* Supplied data *
------------------------

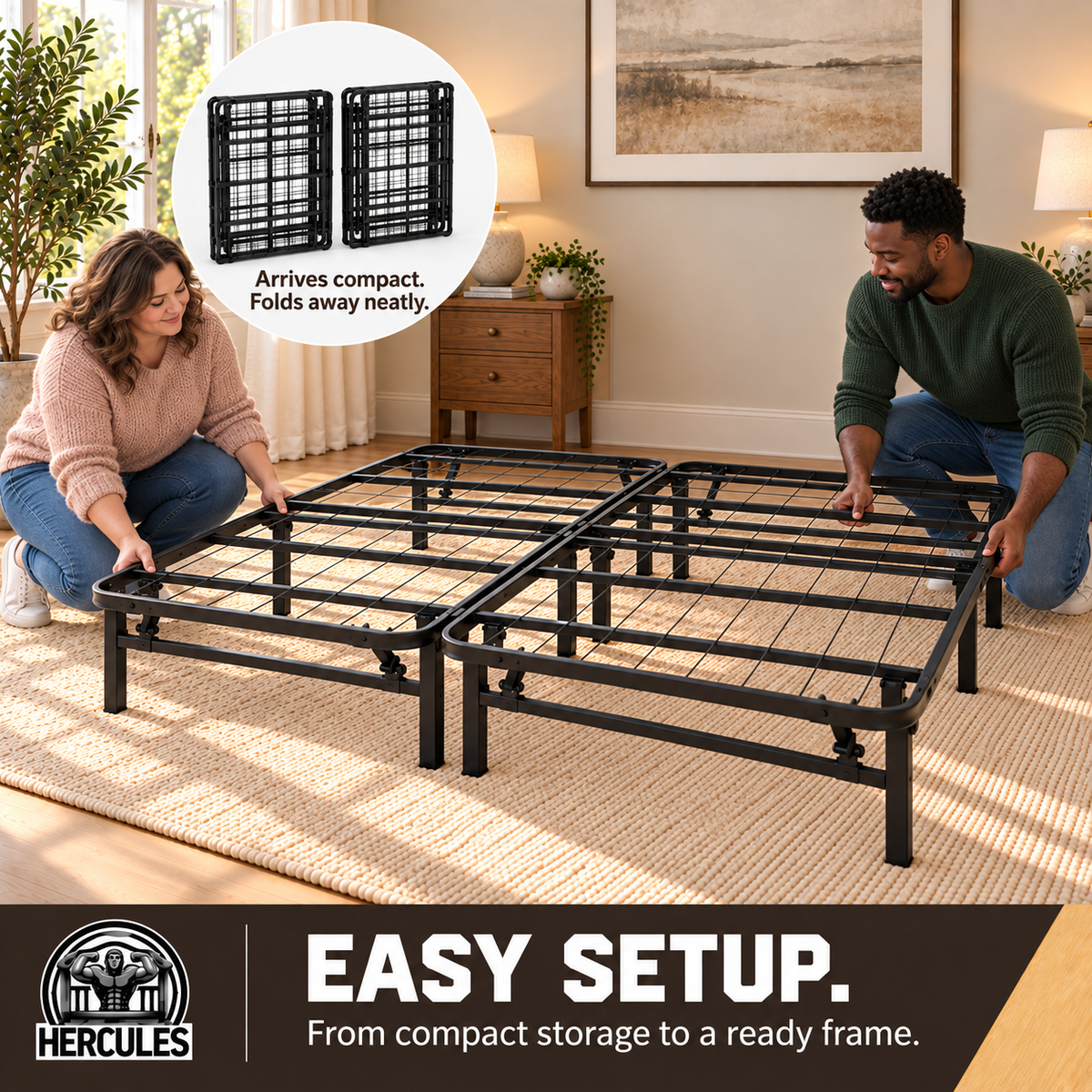Hercules Folding Metal Bed Frame, 14 Inch Platform Mattress Foundation, King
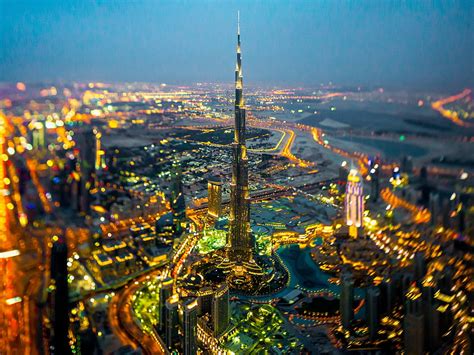 Burj Khalifa Dubai Cityscape City Lights Tilt Shift Motion Blur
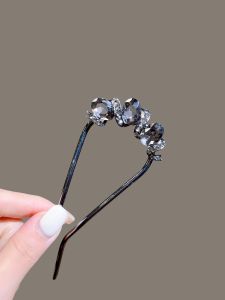 Modern Simple Crystal U-Shaped Hairpin High-End Sense Hair Accessories Elegant Design Headwear Hair Clip Fashionable Hairpin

------------------------

* Activity *
The answer should consist only of the lines from the one with "Burj Khalifa Dubai" through the last line of the material above, copied exactly, with no pictures.

* Exercise output *
 Burj Khalifa Dubai Cityscape City Lights Tilt Shift Motion Blur
 Modern Simple Crystal U-Shaped Hairpin High-End Sense Hair Accessories Elegant Design Headwear Hair Clip Fashionable Hairpin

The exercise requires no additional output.